The FEI referred members to the WHO document Public Health For Mass Gatherings: Key Considerations.
In Japan, the Olympic Games’ organizing committee said, “Tokyo 2020 will continue to collaborate with all relevant organisations which carefully monitor any incidence of infectious diseases, and we will review any countermeasures that may be necessary with all relevant organisations. We have never discussed cancelling the Games. Preparations for the Games are continuing as planned.”
On March 3, the IOC Executive Board affirmed, “The International Olympic Committee (IOC) Executive Board (EB) today expressed its full commitment to the success of the Olympic Games Tokyo 2020, taking place from 24 July to 9 August 2020.”
The International Paralympic Committee reiterated the same cooperation with international authorities, adding, “We have full confidence that the relevant authorities will take all the necessary measures to address the situation, including the ongoing containment measures.”
Under its contract with Tokyo, the IOC has the power to cancel the Olympic Games or withdraw them from the host city “if the safety of the participants is seriously threatened.”
The Olympic Games torch-lighting ceremony took place in Olympia, Greece, on March 12 as planned, but more than 10,000 expected spectators were barred after dozens of cases of COVID-19 infection were reported in the area.
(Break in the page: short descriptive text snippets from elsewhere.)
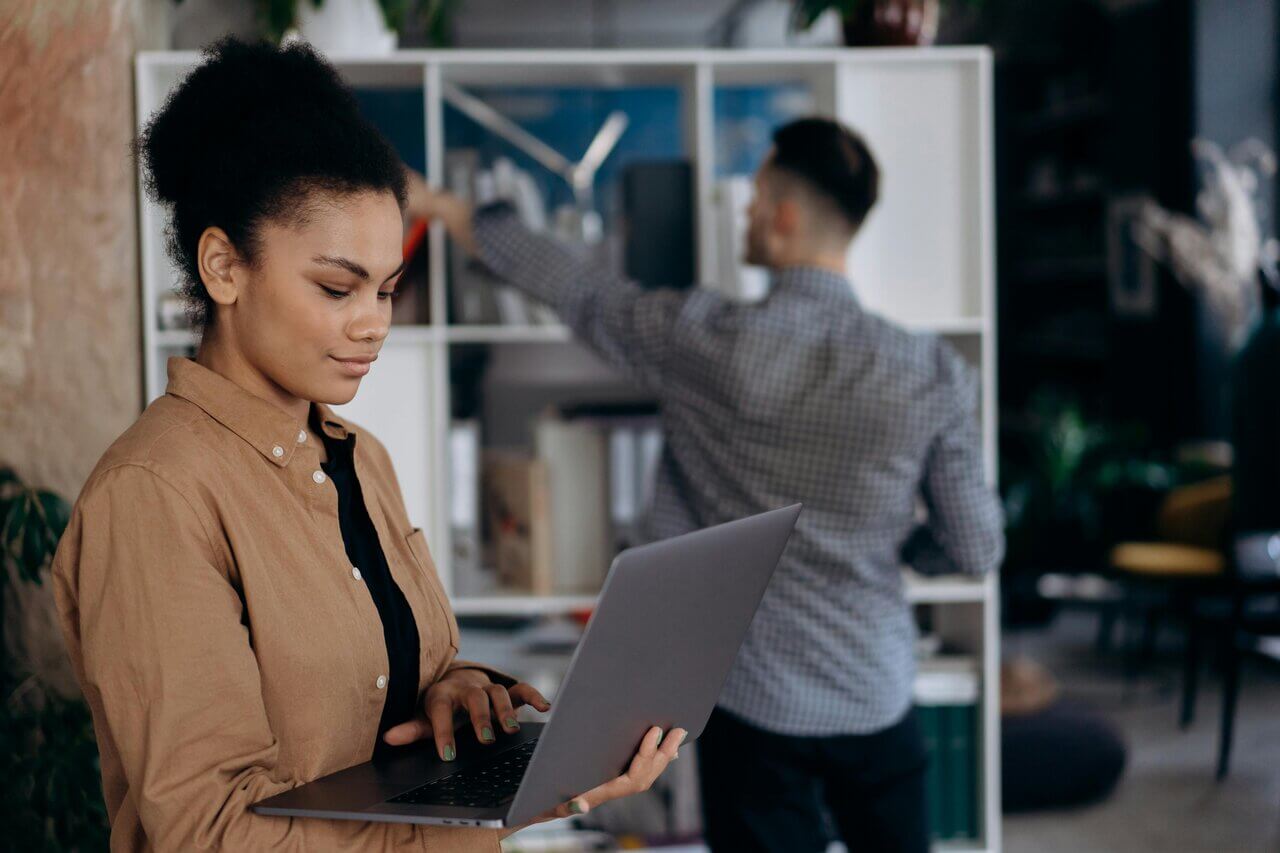 Young black female researching AAT exams on her laptop beside a coworker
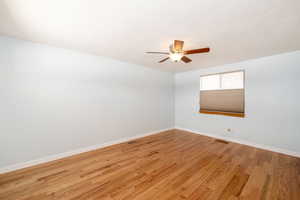 Empty room featuring a ceiling fan, visible vents, baseboards, light wood-style floors, and a textured ceiling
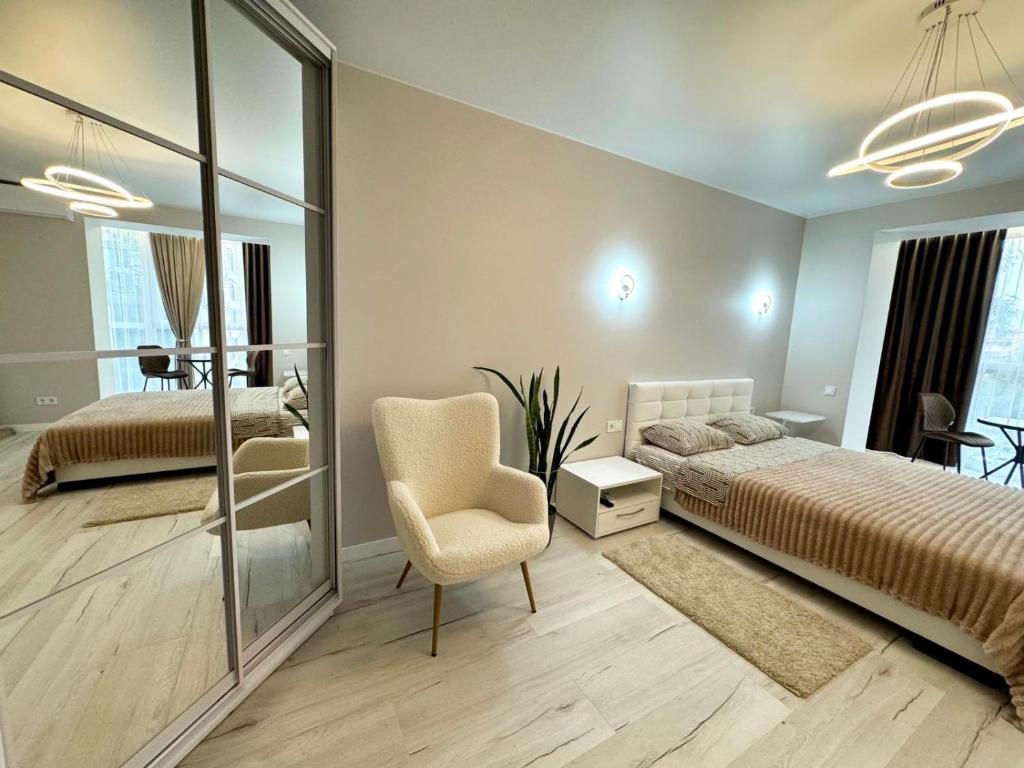 Ένα ή περισσότερα κρεβάτια σε δωμάτιο στο Apart Dolce Vita ЖК Great House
Across Europe, new emergency measures limiting large groups impacted several competitions. On March 9, France banned all gatherings of more than 1,000 people. Organizers of the March 20-22 Saut Hermes at the Grand Palais, which includes the Grand Prix Hermes CSI5*, announced its cancellation.
Organizers of Germany’s CDI Dortmund, which runs March 12-15, are restricting attendance to 1,000 VIP spectators, in accordance with an order limiting large gatherings throughout the state of North Rhine-Westphalia.
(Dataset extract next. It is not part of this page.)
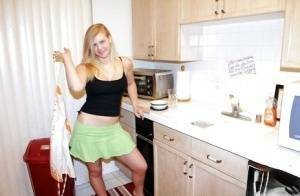Fuckable blonde amateur Roxy Lovette slowly getting rid of her clothes on dochick.com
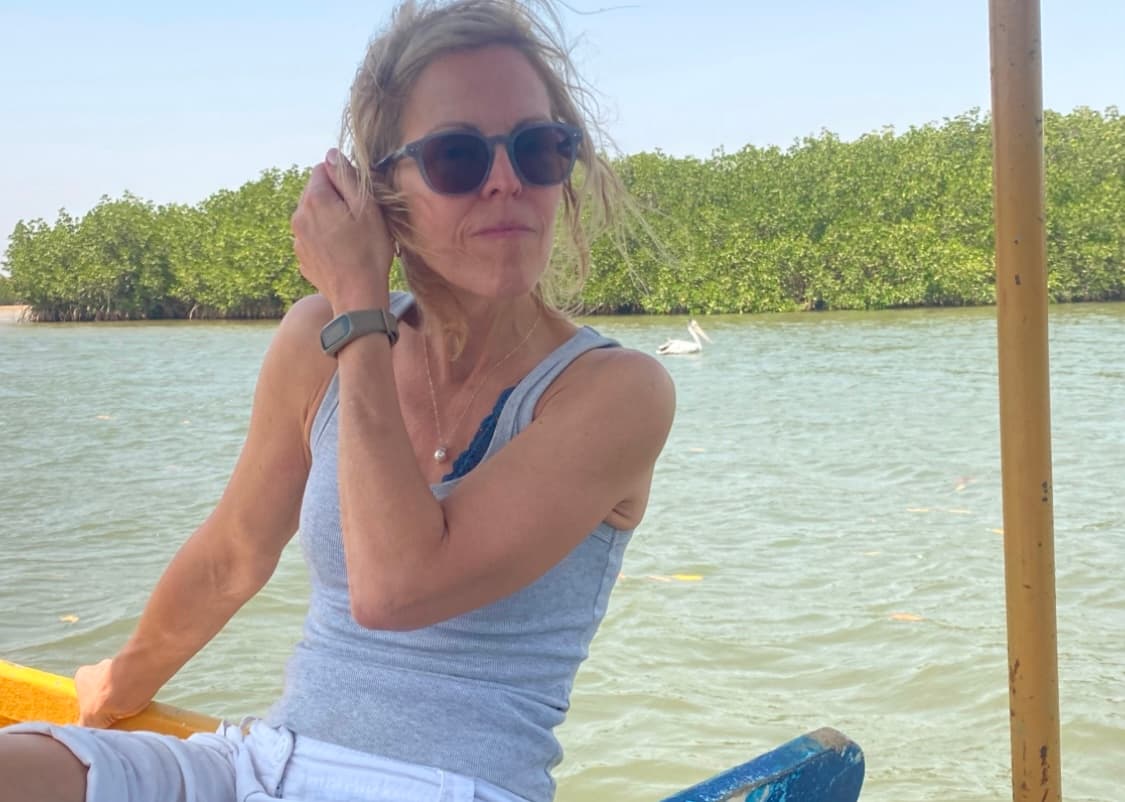 Interior of a building with columns and flags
In Spain, the CDI4* Madrid, slated for March 20-22, was canceled on March 11, according to show director Javier Cotarelo.
And Germany’s CDI4* Mannheim, expected to run May 1-5, was canceled along with the popular consumer fair “Mannheim Maimarkt” with which the competition is associated.
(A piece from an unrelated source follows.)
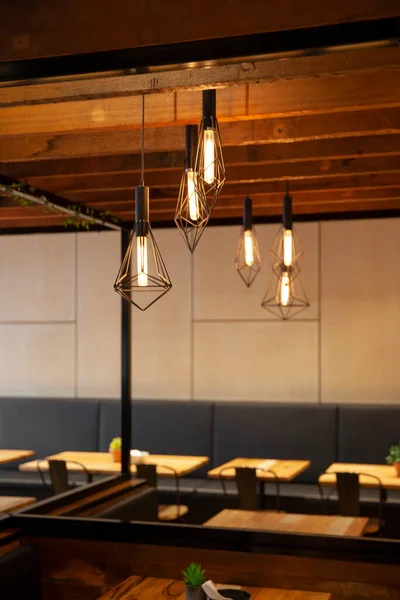Unique lighting fixtures inside modern restaurant interior.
Other international events plan to carry on with modifications. The final Western European League qualifier for the 2020 FEI World Cup Finals at ’s-Hertogenbosch in the Netherlands will run on schedule but will be closed to the public.
On March 5, the FEI World Cup Finals Las Vegas website posted news of the first case in local Clark County and said, “ While this is a fluid situation, Las Vegas is currently planning to host the 2020 FEI World Cup Finals. We will closely monitor updated recommendations from the CDC and state and local health authorities as it relates to hosting large events and add appropriate safeguards in coordination with our venue partner and local health response teams to address COVID-19 concerns.”
As of March 11, the total number of COVID-19 cases there had risen to five, according to the Southern Nevada Health District website. With travel from Europe to the United States restricted, it’s unclear whether European competitors and officials will be able to come for the World Cup if it does take place.
Horse show organizers for major U.S. shows such as the Winter Equestrian Festival (Florida) and Blenheim Equisports shows in California have put out press releases stating that the shows will continue for now, and that facilities have added hand wash stations and rigorous disinfection protocols. California health officials have recommended that mass gatherings of more than 250 people be canceled or postponed through the end of March.
The NCAA announced its March Madness college basketball tournament would go forward without spectators, and the NBA has suspended games following a Utah Jazz player testing positive for COVID-19.
The Chronicle will continue to update with more information on cancelations as they transpire.